*** DATA FOR THE TASK ***
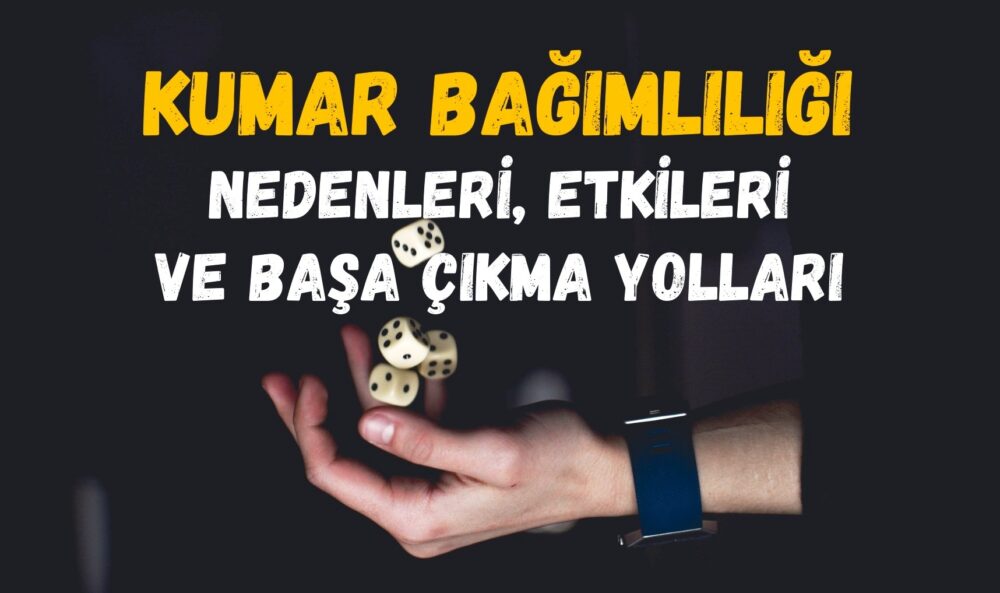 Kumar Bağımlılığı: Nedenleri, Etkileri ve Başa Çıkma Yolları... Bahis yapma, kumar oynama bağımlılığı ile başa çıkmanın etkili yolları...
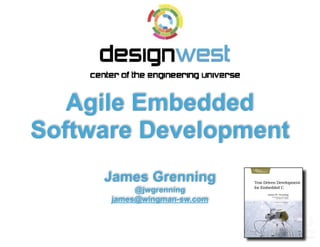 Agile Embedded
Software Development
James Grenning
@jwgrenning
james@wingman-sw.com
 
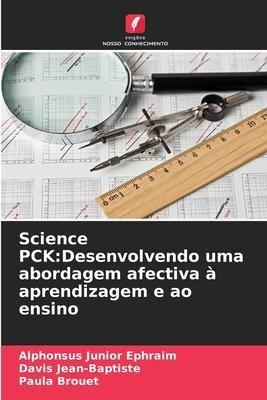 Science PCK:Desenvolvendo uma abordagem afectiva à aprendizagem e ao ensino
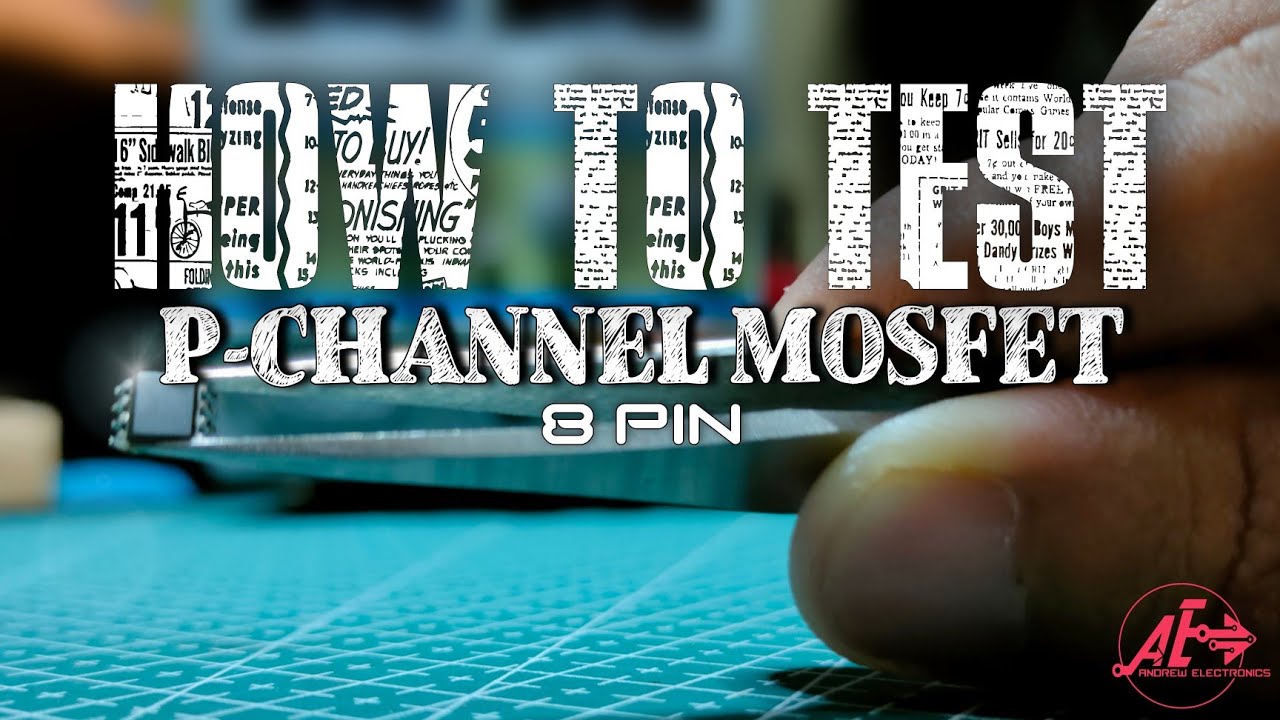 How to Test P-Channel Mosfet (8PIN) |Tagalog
***
(TASK GOAL)
Nothing but the lines from the one containing "James Grenning" through the end of the entries is to be retyped, exactly as written and without pictures.

(TASK OUTPUT)
James Grenning
@jwgrenning
james@wingman-sw.com
 
 Science PCK:Desenvolvendo uma abordagem afectiva à aprendizagem e ao ensino
 How to Test P-Channel Mosfet (8PIN) |Tagalog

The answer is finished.